Peñíscola: A History


The Costa del Azahar offers several prehistoric sites with cave paintings, dating from 7000 to 3500. The most important sites are located in the region of El Maestrazgo, home to the rock shelters of the gorge of La Valltorta, around Tírig.


Throughout history, the supposedly insurmountable citadel of Peñíscola would be conquered many times.

Iberians (Before 700 BC and after)

There is sufficient archaeological evidence to believe that indigenous people inhabited the ancient fortified port before 700 BC, the so-called Iberians.
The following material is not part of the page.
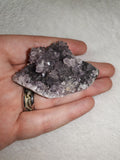 Natural Amethyst Crystal Cluster 50g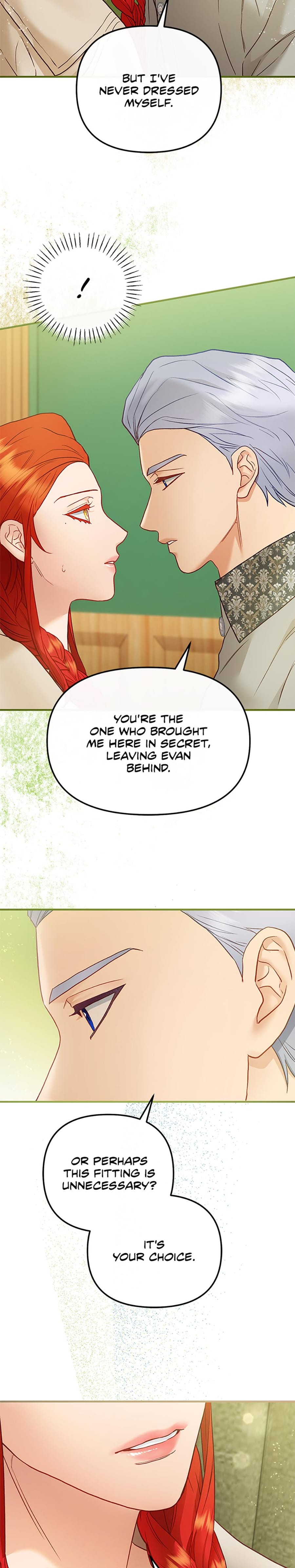 The Glamorous Life of the Fake Mistress Uncensored, chapter 60, page 20 of 30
Phoenicians (c. 800-600 BC)

The Phoenicians (c. 3000-539 BC) from the Eastern Mediterranean controlled ports all over the Mediterranean. They settled in the seaport of Peñíscola around the 7th – 6th century B.C. (Their alphabet became the basis of the Greek alphabet).

Greeks (c. 600-237 BC)

Shortly after the Phoenician settlement, the Greeks colonized the city. The Greek era produced the first written sources about Peñíscola between the 6th and 1st century BC. Several authors, most notably Strabo (64 or 63 BC – 24 AD), depicted a city the Greeks called Chersónesos (Χερσόνησος), which translates as peninsula.

Hannibal and the Carthaginians (c. 237-217 BC)

The expanding Carthaginian Empire (c. 8th century BC- 146 BC) conquered large parts of the Iberian Peninsula, including Peñíscola, in the second half of the 3rd century BC. They originated from Carthage, a suburb of present-day Carthage in Tunisia. The Romans referred to the Carthaginians as Poeni, a derivation from the word Phoenikes (Phoenicians), from which the adjective Punic is derived.

Carthage was originally a seaport established by the Phoenicians, and their language, Phoenicio-Punic, was closely related to Phoenician, a Semitic language (like Arabic or Hebrew).

The Carthaginians would oppose Rome from the middle of the 3rd century onward, in the so-called Punic Wars, which ended in the complete defeat of Carthage by Rome and the expansion of Roman control in the Mediterranean world. When Carthage finally fell in 146 BC, the site was plundered and burned.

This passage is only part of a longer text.